Orta Çağ'dan itibaren, Batılılar İslam topraklarına gidip onların, törelerini ve geleneklerini ortaya çıkarmışlardır. Öte tarafa Müslüman devletler Batı hakkında büyük bir bilgisizlik içerisinde yaşamışlardır. Yüksek düzeyde Osmanlı görevlisi olan 28 Mehmet Çelebi Efendi, 1720/1721 yılları arasında Sultan III. Ahmet tarafından Fransa'ya elçilik göreviyle gönderildi. Bu İstanbul'da olduğu kadar Paris'te de aynı biçimde olağanüstü bir olay olarak algılandı.

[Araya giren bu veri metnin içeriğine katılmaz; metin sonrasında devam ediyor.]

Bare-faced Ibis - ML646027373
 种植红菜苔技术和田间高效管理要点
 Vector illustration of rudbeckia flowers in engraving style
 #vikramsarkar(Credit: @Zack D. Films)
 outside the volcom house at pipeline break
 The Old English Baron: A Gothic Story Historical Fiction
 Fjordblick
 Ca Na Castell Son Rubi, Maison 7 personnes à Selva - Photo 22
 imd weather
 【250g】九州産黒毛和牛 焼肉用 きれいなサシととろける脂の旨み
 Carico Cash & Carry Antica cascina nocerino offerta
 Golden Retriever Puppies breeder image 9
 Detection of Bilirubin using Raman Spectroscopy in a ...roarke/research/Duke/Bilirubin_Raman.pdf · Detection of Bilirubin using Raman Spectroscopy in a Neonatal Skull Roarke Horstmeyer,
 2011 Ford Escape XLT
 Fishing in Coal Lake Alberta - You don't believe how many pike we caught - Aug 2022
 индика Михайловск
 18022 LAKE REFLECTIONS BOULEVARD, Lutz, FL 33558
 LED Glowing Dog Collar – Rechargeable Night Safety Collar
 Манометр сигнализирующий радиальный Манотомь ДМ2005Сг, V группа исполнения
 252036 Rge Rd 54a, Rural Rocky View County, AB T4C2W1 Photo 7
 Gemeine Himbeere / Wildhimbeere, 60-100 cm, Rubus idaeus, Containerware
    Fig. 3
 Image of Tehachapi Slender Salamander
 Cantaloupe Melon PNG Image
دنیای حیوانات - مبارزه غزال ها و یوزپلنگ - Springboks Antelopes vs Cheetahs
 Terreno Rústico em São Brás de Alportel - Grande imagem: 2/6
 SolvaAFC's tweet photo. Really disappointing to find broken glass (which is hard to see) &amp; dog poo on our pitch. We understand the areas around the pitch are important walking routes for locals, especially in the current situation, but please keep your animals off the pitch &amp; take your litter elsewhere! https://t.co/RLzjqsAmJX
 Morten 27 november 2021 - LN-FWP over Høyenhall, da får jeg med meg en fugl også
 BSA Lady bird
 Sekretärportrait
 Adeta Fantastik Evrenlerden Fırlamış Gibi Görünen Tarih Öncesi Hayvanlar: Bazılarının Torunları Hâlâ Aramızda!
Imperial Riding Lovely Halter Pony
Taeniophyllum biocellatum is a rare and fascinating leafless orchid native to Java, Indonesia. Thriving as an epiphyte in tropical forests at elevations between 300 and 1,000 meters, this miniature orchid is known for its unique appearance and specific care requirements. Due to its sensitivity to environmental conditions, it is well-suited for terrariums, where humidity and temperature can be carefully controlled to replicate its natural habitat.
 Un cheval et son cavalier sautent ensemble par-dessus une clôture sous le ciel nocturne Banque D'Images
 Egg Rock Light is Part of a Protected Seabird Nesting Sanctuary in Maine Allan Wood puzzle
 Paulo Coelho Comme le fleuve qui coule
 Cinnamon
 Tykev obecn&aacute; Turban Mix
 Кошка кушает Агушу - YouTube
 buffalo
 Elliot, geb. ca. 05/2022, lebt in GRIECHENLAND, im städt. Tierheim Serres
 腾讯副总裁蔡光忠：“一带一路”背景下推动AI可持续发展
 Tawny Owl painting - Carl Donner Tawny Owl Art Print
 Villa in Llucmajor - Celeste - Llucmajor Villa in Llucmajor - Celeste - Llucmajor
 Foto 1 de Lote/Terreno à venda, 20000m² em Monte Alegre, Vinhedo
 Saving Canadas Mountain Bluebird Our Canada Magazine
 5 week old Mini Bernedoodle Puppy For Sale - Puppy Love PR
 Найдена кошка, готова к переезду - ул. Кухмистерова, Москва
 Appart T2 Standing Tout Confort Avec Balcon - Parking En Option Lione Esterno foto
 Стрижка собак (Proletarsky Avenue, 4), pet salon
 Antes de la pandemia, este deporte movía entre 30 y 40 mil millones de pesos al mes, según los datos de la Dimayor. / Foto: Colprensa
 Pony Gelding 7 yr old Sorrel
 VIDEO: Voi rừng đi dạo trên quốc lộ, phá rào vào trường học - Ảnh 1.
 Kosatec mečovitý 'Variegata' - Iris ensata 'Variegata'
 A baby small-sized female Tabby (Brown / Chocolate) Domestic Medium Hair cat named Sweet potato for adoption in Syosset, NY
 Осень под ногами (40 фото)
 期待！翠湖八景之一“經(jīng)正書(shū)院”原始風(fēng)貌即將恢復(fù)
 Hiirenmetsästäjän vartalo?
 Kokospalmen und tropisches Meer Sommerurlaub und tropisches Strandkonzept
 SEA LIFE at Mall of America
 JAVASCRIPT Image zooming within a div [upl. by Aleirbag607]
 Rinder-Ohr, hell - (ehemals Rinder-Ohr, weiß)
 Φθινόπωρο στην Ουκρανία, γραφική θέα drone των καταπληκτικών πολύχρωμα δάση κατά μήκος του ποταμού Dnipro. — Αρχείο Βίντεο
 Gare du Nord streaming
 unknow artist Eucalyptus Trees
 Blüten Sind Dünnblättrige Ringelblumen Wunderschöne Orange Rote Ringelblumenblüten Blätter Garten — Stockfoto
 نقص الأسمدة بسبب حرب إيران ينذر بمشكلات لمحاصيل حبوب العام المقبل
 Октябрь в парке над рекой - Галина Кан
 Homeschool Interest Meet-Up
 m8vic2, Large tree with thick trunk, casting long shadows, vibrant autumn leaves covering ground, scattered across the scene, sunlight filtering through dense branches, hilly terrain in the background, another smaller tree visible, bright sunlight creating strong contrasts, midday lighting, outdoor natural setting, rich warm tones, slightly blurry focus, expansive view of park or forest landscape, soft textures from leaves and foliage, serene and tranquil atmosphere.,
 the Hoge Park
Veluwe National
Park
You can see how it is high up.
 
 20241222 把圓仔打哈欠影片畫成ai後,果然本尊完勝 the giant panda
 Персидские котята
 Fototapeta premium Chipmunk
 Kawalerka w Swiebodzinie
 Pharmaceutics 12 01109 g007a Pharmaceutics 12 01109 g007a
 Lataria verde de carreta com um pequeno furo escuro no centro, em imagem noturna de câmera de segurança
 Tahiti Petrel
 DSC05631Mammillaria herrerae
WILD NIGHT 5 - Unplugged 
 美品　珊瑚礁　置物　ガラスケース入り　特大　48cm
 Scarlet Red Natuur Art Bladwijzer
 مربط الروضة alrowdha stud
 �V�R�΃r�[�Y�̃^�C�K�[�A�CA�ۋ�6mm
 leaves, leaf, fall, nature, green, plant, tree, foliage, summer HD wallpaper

Mehmet Efendinin öyküsü bize, 18. Yüzyılın başlarında Fransa'nın, kökenlerine bağlı anlayış ve kültürünü, derin bir merak ve keskin zeka sahibi bir Türk tarafından yeniden yaşatmaktadır. Onun Languedoc kanalının eklüz sistemini, Marly'nin büyük makinesini, kralın aynacılarının ayna parlatma tekniklerini, ya da gözlemevinin aletlerini nasıl uygun bir biçimde betimlediğini, Kralın Bahçesinin bilimsel kuruluşlarını, ya da askeri alanda, tatbikattaki birliklerin disiplinlerini üstü kapalı bir biçimde örnek olarak sunduğunu göreceğiz.
Osmanlı İmparatorluğundan daha sonra Batılılaşma hareketinin zararları ne olursa olsun Mehmet Efendi'nin öyküsü kesinlikle bunun özdeyişini ortaya koymaktadır.